Pandijkseveld, Oosterhesselen
Een bewoner van Oosterhesselen vertelde dat deze plek vroeger een moerasje was, waar hij elke zaterdag met zijn vader naar toe wandelde om er één houtsnip te schieten. De houtsnip ging mee naar huis en werd op maandag geleverd aan de poelier. Dat leverde een kleine extra bron van inkomsten. Zijn vader wist dat ze niet meer dan één houtsnip moesten schieten om zo deze vogelsoort op dit terrein te handhaven.
Inmiddels is het gebied een akkerland met op de centrale plek een bosje. Waarschijnlijk gaat het hier om een pingoruïne.
Een houtsnip is een unieke steltloper omdat hij leeft in het bos. Zijn camouflage is perfect. Ze broeden meestal in bossen van enkele tientallen hectares groot, maar hebben een voorkeur voor bos met open plekken. Op deze locatie is het omgekeerd: er is veel openheid, maar er ontstond in de loop van de tijd wel een bosje. Zijn voorkeur voor een plaatselijk natte bodem en een dikke humuslaag past ook goed; de pingoruïne is nat en heeft een veen bodem. Buiten de broedtijd komen ze ook in kleine bosjes, singels en dichte struwelen voor.

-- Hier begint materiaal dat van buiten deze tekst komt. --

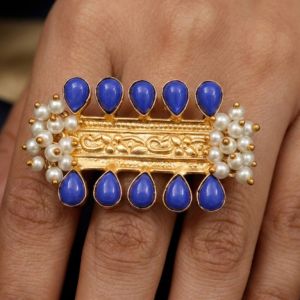 Blue Stone Pearl Gold Plated Statement Ring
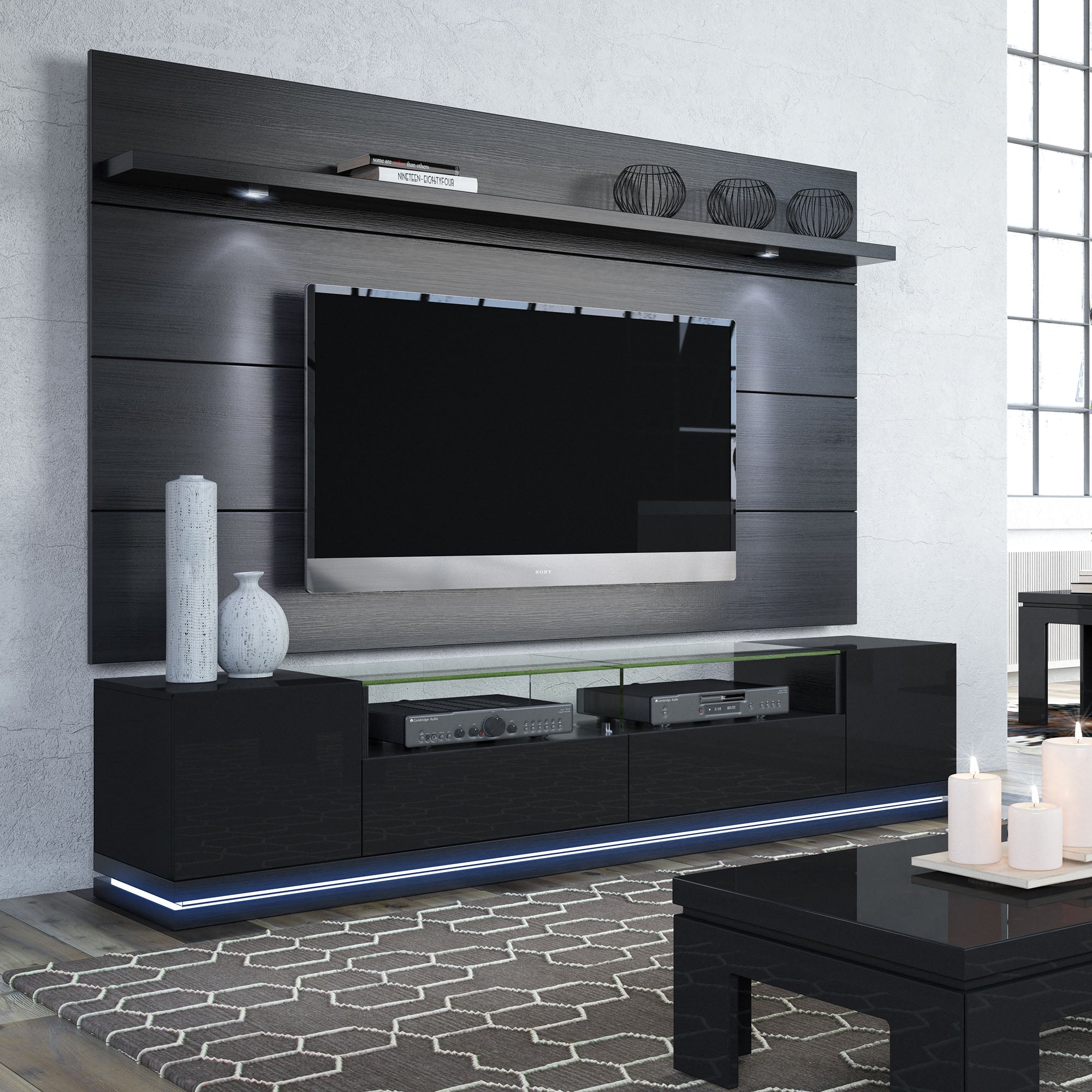 Black Gloss TV Stand and Floating Wall TV Panel with LED Lights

Iemand anders vertelde iemand dat uit deze mogelijke pingoruïne, en mogelijk andere pingoruïnes hier in de buurt, in de vijftiger jaren veenmos werd geoogst. Dit werd vervolgens per schip via de Hoogeveense Vaart afgevoerd naar kwekerijen in het westen. Het veenmos werd gebruikt als “oasis” om planten en bloemen in te steken in bloemstukken.